- Born: March 9, 1970 (age 55) Birmingham, Alabama
- Occupation: Technology Consultant
- Spouse(s): Tracy Lambert (née Sanders), born July 27, 1972, couple married April 4th, 1991
- Website: www.VoteLambert.org

= Paul Lambert (TV personality) =

Paul Anthony Lambert (born March 9, 1970), an Alabama native, is best known as "Engineer Ed" in the children's television show, "Fun Junction Depot". Currently, he works as technology consultant and small business owner, specializing in mobile television production.

Lambert, who resides in Maylene, AL, is married to Tracy Sanders Lambert, of Birmingham, Alabama, and is the father of 14 children.

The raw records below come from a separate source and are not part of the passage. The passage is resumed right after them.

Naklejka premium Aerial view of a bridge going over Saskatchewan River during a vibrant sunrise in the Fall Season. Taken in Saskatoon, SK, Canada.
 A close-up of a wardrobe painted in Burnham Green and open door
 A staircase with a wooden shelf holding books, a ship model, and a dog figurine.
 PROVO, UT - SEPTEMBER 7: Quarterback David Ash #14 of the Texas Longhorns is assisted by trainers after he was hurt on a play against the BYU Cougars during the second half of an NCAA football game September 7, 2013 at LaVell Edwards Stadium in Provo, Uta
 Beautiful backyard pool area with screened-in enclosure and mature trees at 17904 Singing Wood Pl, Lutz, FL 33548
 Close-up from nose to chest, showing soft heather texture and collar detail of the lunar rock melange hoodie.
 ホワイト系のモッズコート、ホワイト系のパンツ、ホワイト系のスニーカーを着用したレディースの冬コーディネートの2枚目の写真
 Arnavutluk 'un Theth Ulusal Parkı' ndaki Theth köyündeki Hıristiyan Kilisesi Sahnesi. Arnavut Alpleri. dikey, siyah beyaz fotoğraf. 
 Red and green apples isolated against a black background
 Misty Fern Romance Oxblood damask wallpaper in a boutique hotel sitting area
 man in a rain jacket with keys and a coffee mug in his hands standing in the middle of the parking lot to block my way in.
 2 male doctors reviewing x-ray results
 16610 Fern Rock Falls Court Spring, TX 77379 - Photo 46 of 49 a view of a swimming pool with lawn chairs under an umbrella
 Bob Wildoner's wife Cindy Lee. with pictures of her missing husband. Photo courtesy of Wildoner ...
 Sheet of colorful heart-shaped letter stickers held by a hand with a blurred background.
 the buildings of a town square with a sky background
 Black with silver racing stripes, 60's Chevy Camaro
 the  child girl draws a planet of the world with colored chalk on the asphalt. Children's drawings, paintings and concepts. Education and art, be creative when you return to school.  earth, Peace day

Lambert announced plans to run in the 2010 election cycle for Alabama's 6th congressional district, US House of Representatives, against incumbent Spencer Bachus.

==Personal life==

Born and raised in Birmingham, Alabama, Lambert is the oldest child of Phillip Lambert and Opal Blackmon Lambert. He has one sibling, a younger brother, Dennis Lambert.

==Political aspirations==

In April 2009, Lambert announced his candidacy to run as a Republican for Alabama's Sixth Congressional District seat in the United States House of Representatives against nine-term incumbent Republican Spencer Bachus.